→ DATA TO EXAMINE:
*** Begin section ***

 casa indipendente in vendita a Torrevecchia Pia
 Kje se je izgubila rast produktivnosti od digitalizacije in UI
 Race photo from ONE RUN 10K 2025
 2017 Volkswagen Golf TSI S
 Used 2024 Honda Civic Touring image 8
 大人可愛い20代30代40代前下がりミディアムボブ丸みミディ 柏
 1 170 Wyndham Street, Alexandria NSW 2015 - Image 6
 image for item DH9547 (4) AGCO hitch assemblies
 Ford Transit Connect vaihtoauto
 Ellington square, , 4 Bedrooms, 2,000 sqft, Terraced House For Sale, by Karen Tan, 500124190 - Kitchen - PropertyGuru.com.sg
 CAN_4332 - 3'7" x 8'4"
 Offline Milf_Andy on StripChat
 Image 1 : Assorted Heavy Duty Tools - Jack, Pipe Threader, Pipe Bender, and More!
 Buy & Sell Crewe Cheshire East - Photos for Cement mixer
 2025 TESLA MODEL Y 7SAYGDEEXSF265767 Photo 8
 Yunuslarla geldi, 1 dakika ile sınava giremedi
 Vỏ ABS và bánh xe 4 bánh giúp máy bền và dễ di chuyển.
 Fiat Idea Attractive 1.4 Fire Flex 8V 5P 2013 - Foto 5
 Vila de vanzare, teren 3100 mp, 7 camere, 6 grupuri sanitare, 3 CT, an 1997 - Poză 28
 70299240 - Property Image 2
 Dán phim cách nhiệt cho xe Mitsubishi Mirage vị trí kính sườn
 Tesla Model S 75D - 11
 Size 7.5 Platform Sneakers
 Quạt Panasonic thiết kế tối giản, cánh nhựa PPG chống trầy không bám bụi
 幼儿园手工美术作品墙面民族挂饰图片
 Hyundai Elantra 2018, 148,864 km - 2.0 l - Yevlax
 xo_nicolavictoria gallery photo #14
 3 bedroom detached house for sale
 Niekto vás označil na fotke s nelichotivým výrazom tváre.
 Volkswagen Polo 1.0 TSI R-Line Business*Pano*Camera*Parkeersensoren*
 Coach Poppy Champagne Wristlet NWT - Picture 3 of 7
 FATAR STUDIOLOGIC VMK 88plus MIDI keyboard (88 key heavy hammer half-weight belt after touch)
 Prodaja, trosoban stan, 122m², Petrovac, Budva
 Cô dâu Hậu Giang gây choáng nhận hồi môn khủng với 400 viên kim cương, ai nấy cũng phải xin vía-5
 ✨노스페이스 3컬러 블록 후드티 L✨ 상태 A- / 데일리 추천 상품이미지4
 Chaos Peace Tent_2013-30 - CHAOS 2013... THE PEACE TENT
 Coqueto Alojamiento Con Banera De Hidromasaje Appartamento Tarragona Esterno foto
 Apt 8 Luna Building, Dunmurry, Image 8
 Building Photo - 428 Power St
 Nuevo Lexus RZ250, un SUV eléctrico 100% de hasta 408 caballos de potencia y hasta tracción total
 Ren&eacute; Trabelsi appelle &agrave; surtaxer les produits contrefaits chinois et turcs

*** End section ***

→ TRY IT: The first line of the records and every line down to the line with "Fiat Idea Attractive" must be quoted exactly; leave out all else.

→ WRITTEN RESPONSE:
 casa indipendente in vendita a Torrevecchia Pia
 Kje se je izgubila rast produktivnosti od digitalizacije in UI
 Race photo from ONE RUN 10K 2025
 2017 Volkswagen Golf TSI S
 Used 2024 Honda Civic Touring image 8
 大人可愛い20代30代40代前下がりミディアムボブ丸みミディ 柏
 1 170 Wyndham Street, Alexandria NSW 2015 - Image 6
 image for item DH9547 (4) AGCO hitch assemblies
 Ford Transit Connect vaihtoauto
 Ellington square, , 4 Bedrooms, 2,000 sqft, Terraced House For Sale, by Karen Tan, 500124190 - Kitchen - PropertyGuru.com.sg
 CAN_4332 - 3'7" x 8'4"
 Offline Milf_Andy on StripChat
 Image 1 : Assorted Heavy Duty Tools - Jack, Pipe Threader, Pipe Bender, and More!
 Buy & Sell Crewe Cheshire East - Photos for Cement mixer
 2025 TESLA MODEL Y 7SAYGDEEXSF265767 Photo 8
 Yunuslarla geldi, 1 dakika ile sınava giremedi
 Vỏ ABS và bánh xe 4 bánh giúp máy bền và dễ di chuyển.
 Fiat Idea Attractive 1.4 Fire Flex 8V 5P 2013 - Foto 5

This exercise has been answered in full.